- Problem statement:
Among the lines below, a stretch begins at the one with "Brunello Cucinelli Brunello" and ends at the one with "Flat design animation". Repeat that stretch exactly, ends included.

+ + + +

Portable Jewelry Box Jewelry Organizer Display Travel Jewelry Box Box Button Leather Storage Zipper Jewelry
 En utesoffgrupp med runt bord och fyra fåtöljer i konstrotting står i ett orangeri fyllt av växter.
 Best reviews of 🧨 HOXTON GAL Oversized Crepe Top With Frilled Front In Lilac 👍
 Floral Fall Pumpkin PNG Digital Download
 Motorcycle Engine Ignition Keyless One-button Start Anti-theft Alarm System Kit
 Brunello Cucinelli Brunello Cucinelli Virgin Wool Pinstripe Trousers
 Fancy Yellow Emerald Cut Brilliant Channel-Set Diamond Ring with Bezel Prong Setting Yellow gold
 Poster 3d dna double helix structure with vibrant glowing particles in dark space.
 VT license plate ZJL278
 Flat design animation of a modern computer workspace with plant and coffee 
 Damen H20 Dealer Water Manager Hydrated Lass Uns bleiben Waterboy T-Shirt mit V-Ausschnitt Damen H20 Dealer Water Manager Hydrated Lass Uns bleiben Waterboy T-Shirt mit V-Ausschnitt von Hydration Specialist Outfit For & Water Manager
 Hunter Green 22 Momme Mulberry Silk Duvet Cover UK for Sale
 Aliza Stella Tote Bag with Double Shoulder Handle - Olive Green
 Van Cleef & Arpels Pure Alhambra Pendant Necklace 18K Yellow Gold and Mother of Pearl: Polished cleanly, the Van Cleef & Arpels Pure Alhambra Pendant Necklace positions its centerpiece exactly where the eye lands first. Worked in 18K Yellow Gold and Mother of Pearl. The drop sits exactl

+ + + +

- Answer box:
 Brunello Cucinelli Brunello Cucinelli Virgin Wool Pinstripe Trousers
 Fancy Yellow Emerald Cut Brilliant Channel-Set Diamond Ring with Bezel Prong Setting Yellow gold
 Poster 3d dna double helix structure with vibrant glowing particles in dark space.
 VT license plate ZJL278
 Flat design animation of a modern computer workspace with plant and coffee 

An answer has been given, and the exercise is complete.